MATERIAL PROVIDED>
----------
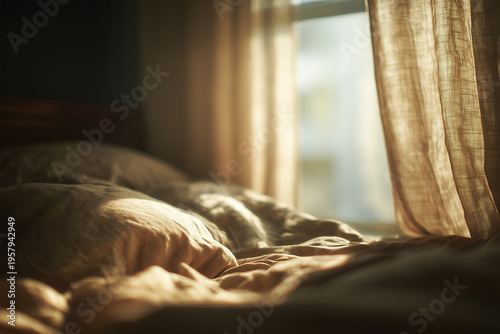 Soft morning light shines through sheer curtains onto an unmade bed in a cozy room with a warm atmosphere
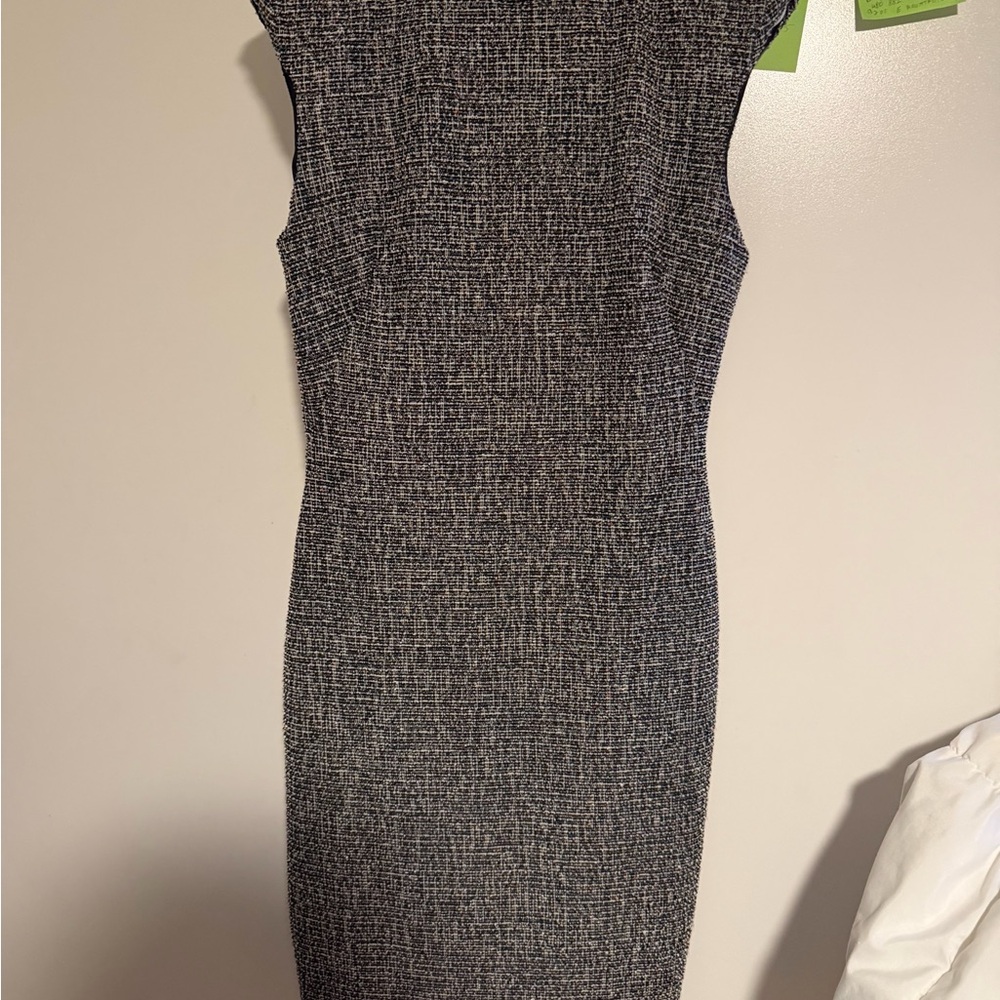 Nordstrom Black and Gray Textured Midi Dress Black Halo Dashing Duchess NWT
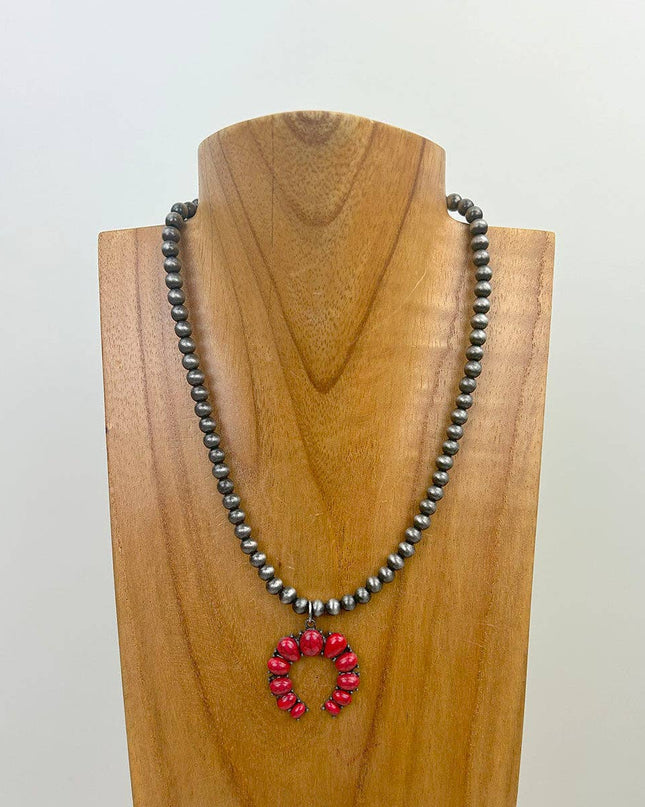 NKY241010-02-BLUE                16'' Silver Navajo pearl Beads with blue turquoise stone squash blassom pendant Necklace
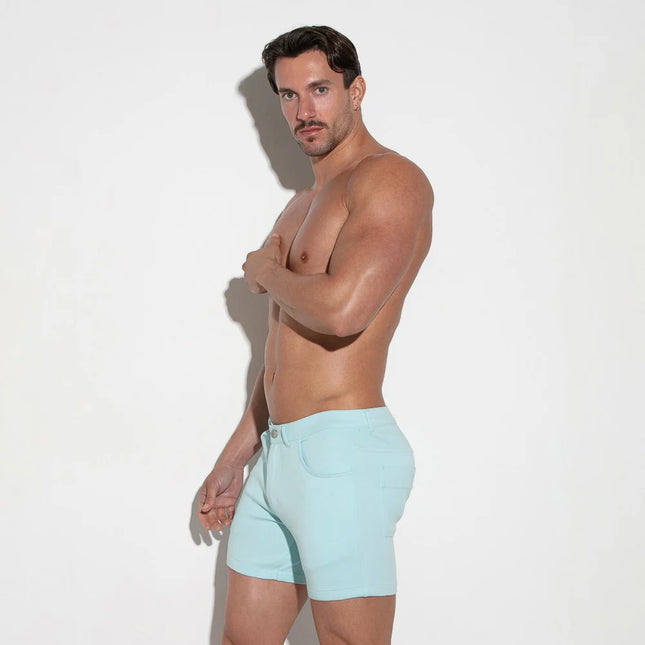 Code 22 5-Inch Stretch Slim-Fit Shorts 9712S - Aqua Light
----------
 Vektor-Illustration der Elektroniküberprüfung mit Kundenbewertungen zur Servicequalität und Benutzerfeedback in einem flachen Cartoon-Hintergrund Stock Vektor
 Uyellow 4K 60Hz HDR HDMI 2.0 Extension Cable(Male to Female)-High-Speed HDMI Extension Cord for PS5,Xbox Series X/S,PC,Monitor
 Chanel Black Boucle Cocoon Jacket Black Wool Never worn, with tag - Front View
----------
EXERCISE DIRECTIONS>
Of all the material above, only the lines from the one that has "blassom pendant Necklace" down to the one that has "Code 22 5-Inch" are to be written out, exactly and with both ends included. Pictures are skipped.

TASK ANSWER>
 NKY241010-02-BLUE                16'' Silver Navajo pearl Beads with blue turquoise stone squash blassom pendant Necklace
 Code 22 5-Inch Stretch Slim-Fit Shorts 9712S - Aqua Light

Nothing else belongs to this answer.